=== Provided data ===

——————

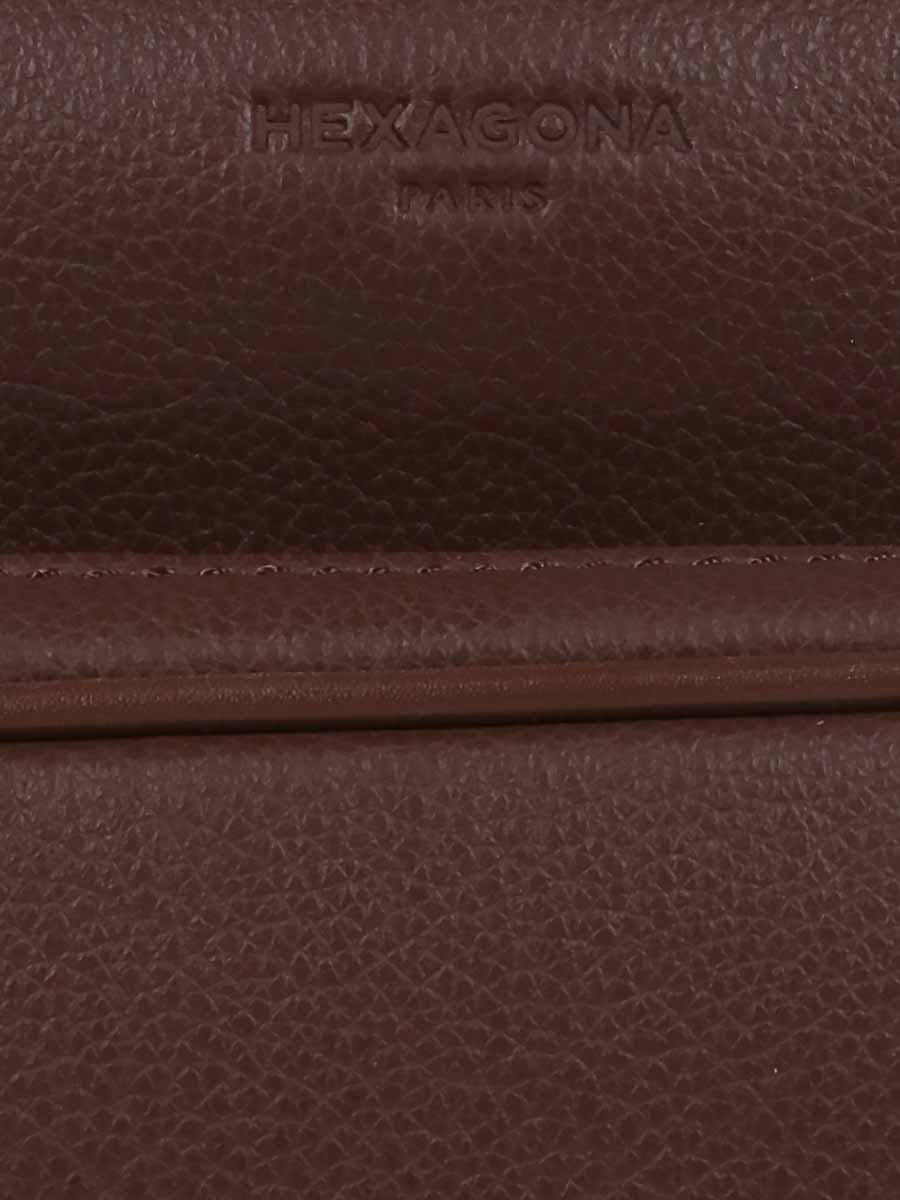 Porte-documents Hexagona Confort 38 cm - 2 compartiments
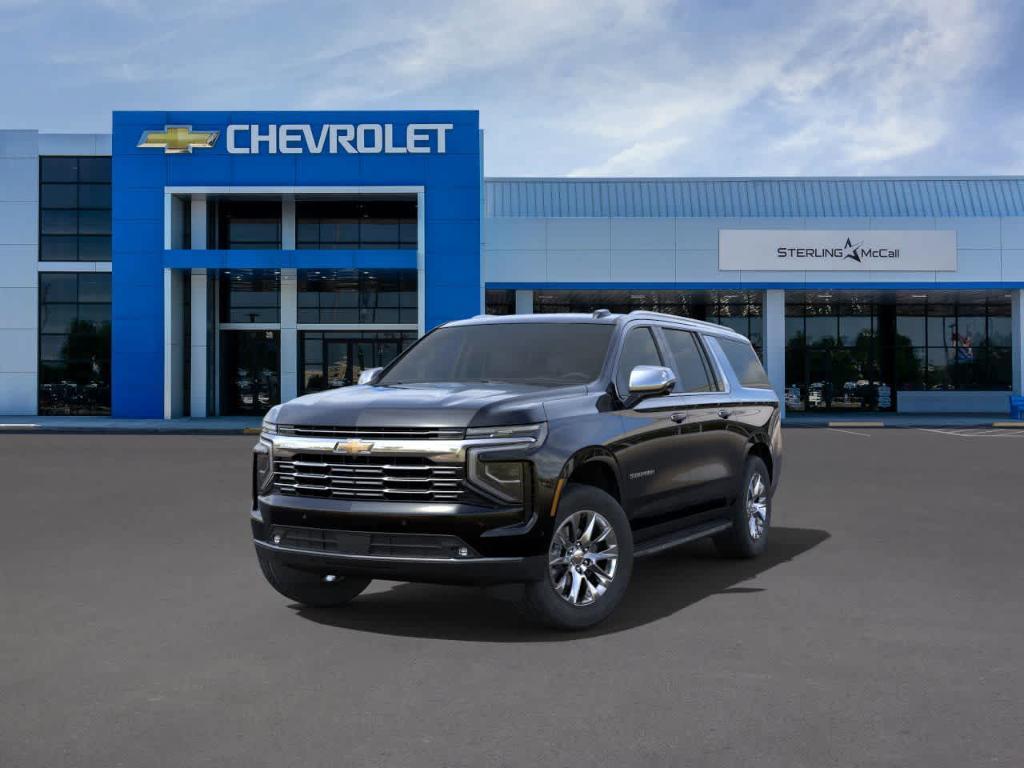 new 2025 Chevrolet Suburban car, priced at $79,094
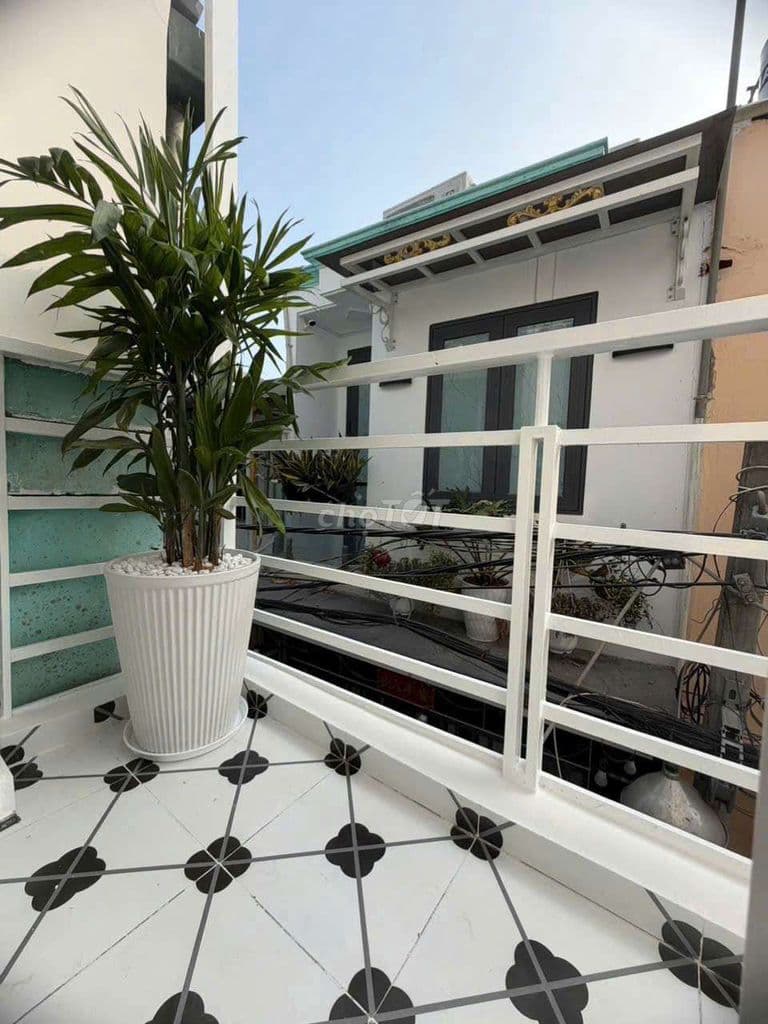 Cần Bán Gấp Nhà Hêm Nhà Bè Giá Rê - Ảnh 3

——————

=== Your goal ===
Restate exactly, and only, the lines from the one that holds "new 2025 Chevrolet" down to the last line of the material above. Omit the pictures.

=== Output below ===
 new 2025 Chevrolet Suburban car, priced at $79,094
 Cần Bán Gấp Nhà Hêm Nhà Bè Giá Rê - Ảnh 3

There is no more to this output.